Dès 1989, on a estimé que le dépistage pouvait prévenir 90 % des cancers. En 2002, l’incidence du cancer du col de l’utérus était de 6,2 pour 100.000 femmes, et la mortalité de 1,7 pour 100.000.
 
En 2011, l’Australie n’enregistrait plus que 229 morts causées par ce cancer.
 
Quant à l’efficacité du vaccin, qui est donc proposé de manière massive et en l’absence d’une sérieuse évaluation de sa sécurité, elle est de toute manière limitée.
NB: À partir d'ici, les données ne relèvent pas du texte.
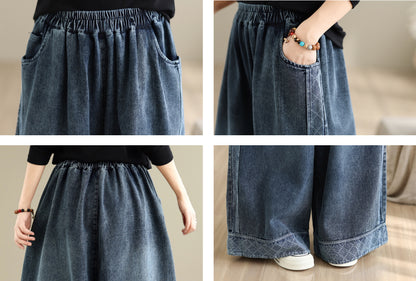 28666-Vintage Denim Wide Leg Palazzo Pants with Elastic Waist & Pockets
Son efficacité est officiellement estimée à 70 % : il évite donc seulement 70 % des cancers liés à l’infection par le HPV, et à cause des 30 % restant, les femmes vaccinées sont invitées à subir tout de même un dépistage individuel régulier par frottis jusqu’à l’âge de 70 ans si elles sont sexuellement actives.
 
Combien de femmes deviendront infertiles à la suite de la vaccination ? C’est une vraie question qu’il faut mettre dans la balance – et dont l’occultation est en soi un sujet d’inquiétude.